Given levels of government spending–which has reached nearly $8 trillion per year (of which 57% is borrowed)—Gundlach argues that we are “almost willingly turning ourselves into a third-world country.” He notes that other factors include “crumbling infrastructure, massive wealth inequality and something very close to money printing,” but points out that we have something “no third world country has ever had; massive amounts of people that want to immigrate.”
Regarding how we will unwind the large amount of debt, Gundlach says we either have to restructure it, which he adds is a “gentle word for default” or create a new and different economic system to correct our current “level of brokenness.”
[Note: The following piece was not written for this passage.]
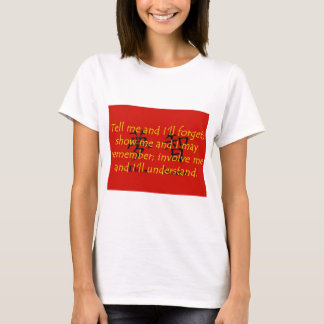 T-shirt Dites-moi et j'oublierai - Proverbe chinois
Gundlach predicts market volatility to pick up in “unprecedented proportions.” He noted the examples of oil prices dropping in the negative realm and the surge in retail investors as contributing factors.
“If you think what’s happening now is weird,” Gundlach concludes, “you ain’t seen nothin’ yet. This train of the insane is picking up steam on a daily basis and we are going to end up reorganizing which is painful when you’re doing it but leads to a framework through which the society can actually prosper and go into a phase of great opportunity and optimism.”